When the Bots Invaded LinkedIn: A HR Analytics Company Goes to Court to Stop Its Shutdown

hiQ is a people analytics firm that gathers information that is available on the Web and creates software for use by human resources departments (or talent development departments).  The software provides HR departments with a summary of thee credentials and skills of their workforce but also provides them with information as to who is at risk for leaving the company. One of hiQ’s fundamental resources for this software development is LinkedIn, the Microsoft company that  has 500 million people with skills and credential profiles.

hiQ received an e-mail from LinkedIn’s lawyer requesting that it stop doing business because it was using LinkedIn’s proprietary information.  hiQ filed suit seeking a court order that prohibited LinkedIn from telling it to go out of business and allowed it to continue operating while the issues underling the use of LinkedIn’s public data is reviewed. hiQ Labs, Inc. v. LinkedIn Corp, 2017 WL 3473663 (N.D. Cal. 2017).

The court granted hiQ a preliminary injunction that has permitted it to stay in business while the issues related to their rights to LinkedIn data are reviewed for possible violations of various federal and state laws, including the Computer Fraud and Abuse Act (CFAA) which provides two ways of committing the crime of improperly accessing a protected computer: (1) obtaining access without authorization, and (2) obtaining access with authorization but then using that access improperly. LinkedIn is focusing on the second means as criminal action on the part of hiQ. In addition, LinkedIn has argued that hiQ’s use violates the terms users of LinkedIn agree to when they sign up for the site. 
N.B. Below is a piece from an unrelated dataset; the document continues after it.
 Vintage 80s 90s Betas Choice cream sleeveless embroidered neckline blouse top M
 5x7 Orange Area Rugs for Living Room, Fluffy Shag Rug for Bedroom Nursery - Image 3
Another argument in the privacy issue raised by LinkedIn, which is that users' information is being used for a purpose that they did not anticipate.  However, LinkedIn users have a choice about which information about them is available publicly.

LinkedIn has also argued that their intent was to have users browse the site but not to have a "bot brigade copying data at scale."  Drake Bennett, "Big Brother vs. Little Brother," Bloomberg Business, November 20, 2017. 

The case brings to mind the Supreme Court precedent in United States v. Jones, 565 U.S. 400 (2012) in which the court held that police attaching a GPS tracking device to a car was a violation of the driver's privacy even thought a police officer driving behind such a driver meant the officer was able to accomplish the same thing and was not a violation of privacy.  LinkedIn is arguing that casual surfing of a website for information is different from bot invasion for purposes of copying the data. 

An appeal to the 9th Circuit is pending.  The court of appeals, and possibly the U.S. Supreme Court, have the task of deciding what constitutes privacy and permissive use in an era in which technology moves faster than our laws and court decisions.


Make the arguments pro and con on hiQ's use.

Discussion the implications of hiQ's use.